■ DATA EXTRACT ■

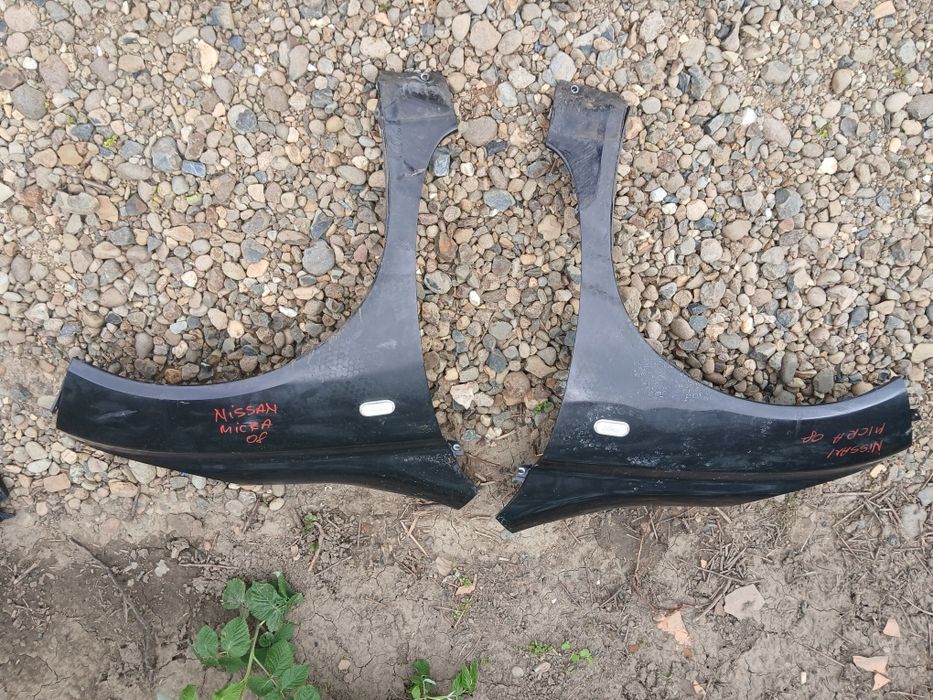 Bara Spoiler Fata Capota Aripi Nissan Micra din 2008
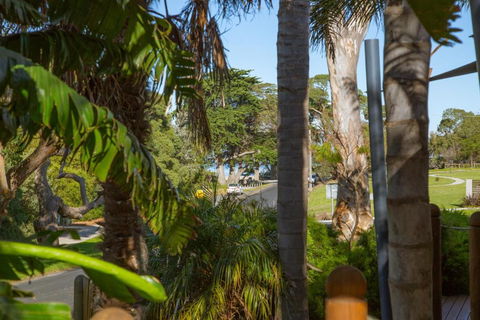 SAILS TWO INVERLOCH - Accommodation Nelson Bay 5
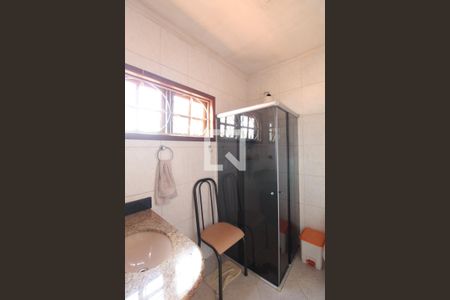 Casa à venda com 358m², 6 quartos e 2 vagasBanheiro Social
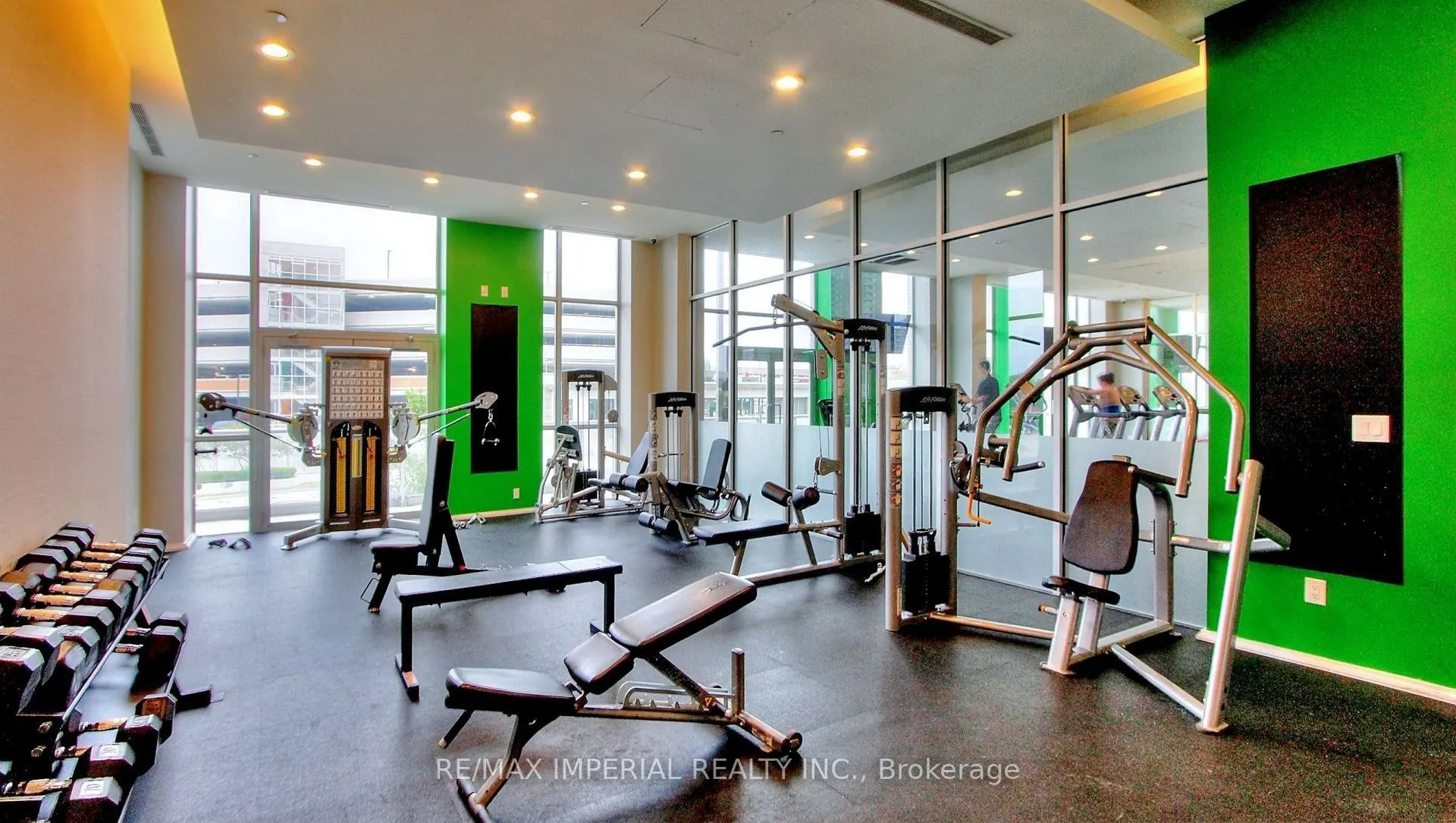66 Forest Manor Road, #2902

■ WHAT IS REQUIRED ■
Every line above should be copied exactly, apart from any pictures.

■ TASK RESPONSE ■
 Bara Spoiler Fata Capota Aripi Nissan Micra din 2008
 SAILS TWO INVERLOCH - Accommodation Nelson Bay 5
 Casa à venda com 358m², 6 quartos e 2 vagasBanheiro Social
66 Forest Manor Road, #2902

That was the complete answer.